Future Air Force munitions will likely feature wide field-of-view (WFOV) imaging seekers that provide Air Force warfighters several advantages over using traditional imaging seekers, including improved capability and lower cost.
The Air Force Small Business Innovation Research/Small Business Technology Transfer (SBIR/STTR) program office recently provided nearly $100,000 of additional funding for a SBIR effort that will give the warfighter a WFOV technology system.
The objective of this SBIR Phase II follow-on contract is to address critical sub-system technologies in the WFOV system and its biologically inspired Artificial Compound Eye (ACE) optical technology. Spectral Imaging Laboratory, located in Pasadena, California, will use the additional funding to address the data acquisition hardware and software requirements needed for image acquisition and processing, maturing the technology for the WFOV Seeker Program.
According to Dr. Nicholas Rummelt, an Air Force Research Laboratory researcher involved in the project, new ACE optical systems generate images from multiple sub-images that view different parts of the field-of-view, similar to the compound eye of an insect. Image processing is then required to seamlessly stitch together the sub-images and produce a smooth, easily read image.
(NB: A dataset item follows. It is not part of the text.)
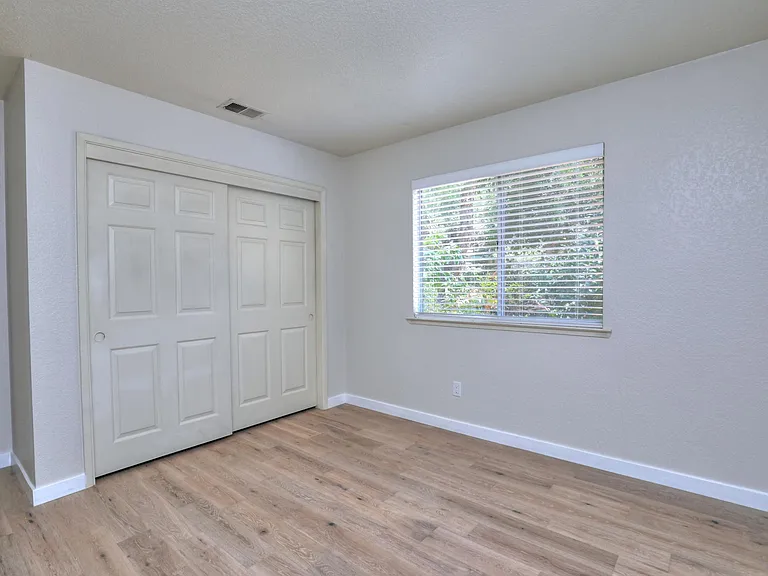 1494 Aarhus Dr — Photo 27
By implementing this processing within the camera system's data acquisition hardware, the video output quality improves significantly.
"The WFOV seeker concept was originally inspired by insects such as bees which use the optic flow field to control their flight and navigate. So one of the advantages of having a WFOV seeker is the potential for GPS-denied navigation," Rummelt said.
This program leverages more than $100,000 in additional AFRL project funds. These funds will help ensure the Phase II project graduates into a Phase III program that successfully transitions the technologies into military or private sectors.
The Air Force SBIR and STTR programs are mission-oriented programs that integrate the needs and requirements of the Air Force through research and development topics that have military and commercial potential.
The SBIR program was established by Congress in 1982, to fund research and development (R&D) through small businesses of 500 or fewer employees. The STTR program was established in 1992, to fund cooperative R&D projects with small businesses and nonprofit U.S. research institutions, such as universities.
Since 2006, the Commercialization Readiness Program has directly linked Air Force centers to AFRL technical points of contact to identify and evaluate Air Force needs and innovative solutions. Its primary objective is to accelerate the transition of SBIR/STTR-developed technologies into real-world military and commercial applications.
The Air Force SBIR and STTR programs provide more than $300 million in funding for research and development activities by small businesses annually. With this budget, the Air Force funds research from the early stages of concept development until it transitions to military or commercial use.